Conversations in our house are strange. Which is why my husband is awesome. Today I figured I’d give you a sneak peek into Jenville (I know, you’re excited).
Me: Would you catch stars with me?
Hubs: Why the hell would I want to catch stars?
Me: Lucky dust. *gives the ‘duh’ stare*
Hubs: How lucky?
Me: I can’t guarantee it will win us the lottery. (Answering the question he didn’t ask, but wanted too).
Hubs: Then no.
Me: Why not? You’re not doing anything else.
Hubs: I’m going to make dinner.
Me: *remains silent* Hmm, okay, you win.
Who knew conversations like that led to my husband making dinner!
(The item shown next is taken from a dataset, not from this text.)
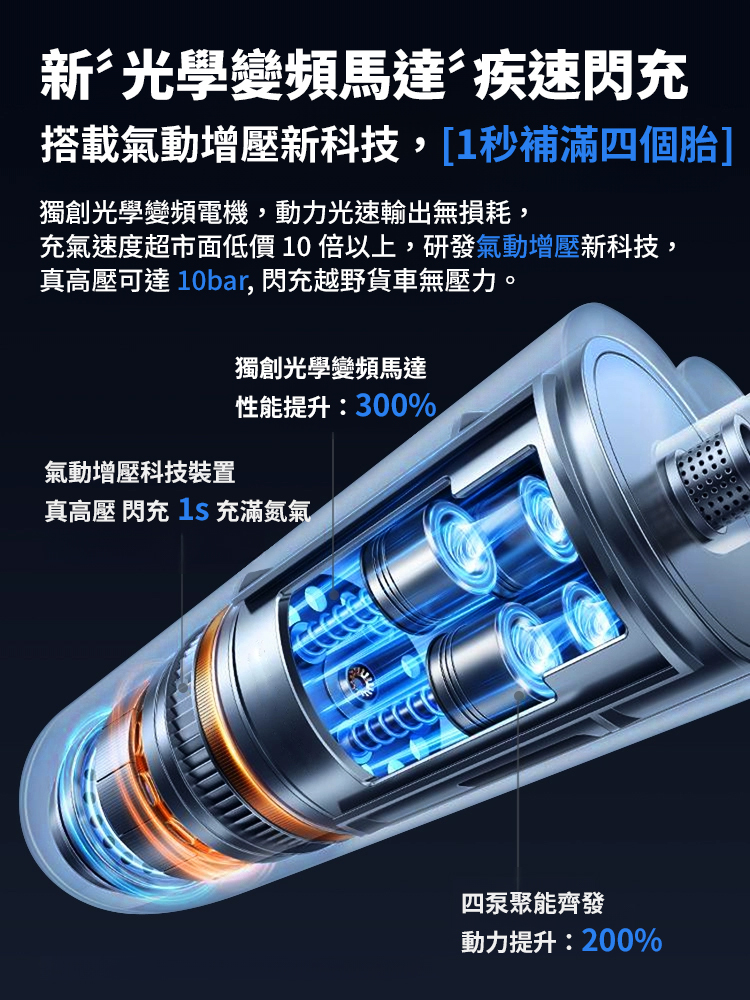 車上必備！車載無線充氣泵登場，不用插電超方便，輪胎缺氣瞬間補，體積小好收納，充氣快速又精准，開車更放心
WRITERS EVERYWHERE, feel free to try it out on your spouse… it just might WORK!
A few days later…
Me: What if we actually turned into our cats?
Hubs: Two nights ago you were worried about our cats plotting to kill us. Now you’re thinking about being them so we want to kill ourselves?
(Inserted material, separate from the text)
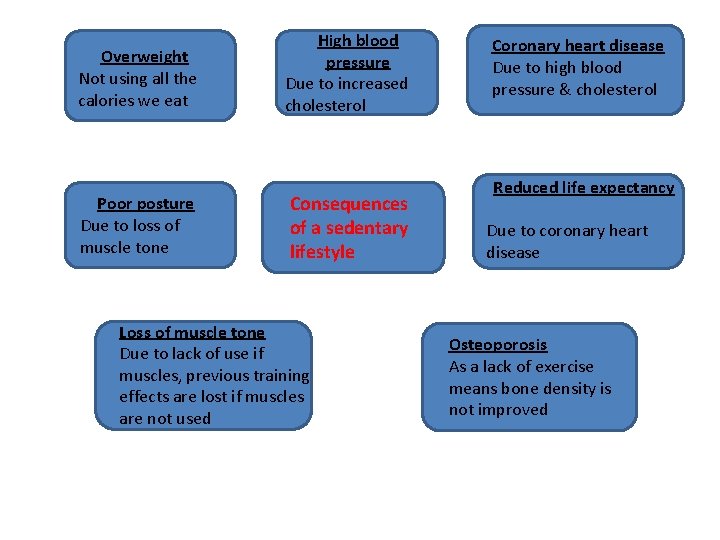 Overweight Not using all the calories we eat Poor posture Due to loss of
Me: I never thought about it like that. If we were still ourselves though, in fur, we wouldn’t have to worry about it. (PS – Seriously you’ll think your cat has a plot to kill you after reading THIS).
Hubs: If you’re still you there’s no way in hell you’ll eat the cat food. We’d be screwed.
Me: You’re saying you’d eat it?
Hubs: I’d at least try it. If I’m a cat it wouldn’t be so bad I’d think.
Me: What would happen to our cats if they were still cats in human bodies?
Hubs: Why the hell do we have to do this now? The games on.
Me: I’m just worried they’d spend all day sleeping and my back would hurt even worse the next day. Or worse, they’d get stuck in a weird cat like position I couldn’t get out of when I change back.
Hubs: *watches game*
Silence enters the room. Both cats awake and staring at me (again, probably plotting to kill me).
Me: Well at least one thing is for sure. I DO NOT WANT TO BE MY CAT FOR A DAY. Sounds like too much work.
Hubs: This conversation is too much work.
Silence fills the room, AGAIN. I walk to the refrigerator, grab a carton of ice cream – and a spoon. Cats stare at me… I walk to cupboard pull out kitty treats, disperse appropriately… okay maybe I give them to many. After this conversation I don’t want to die. I value my life. And my husbands – even if tires of my conversations.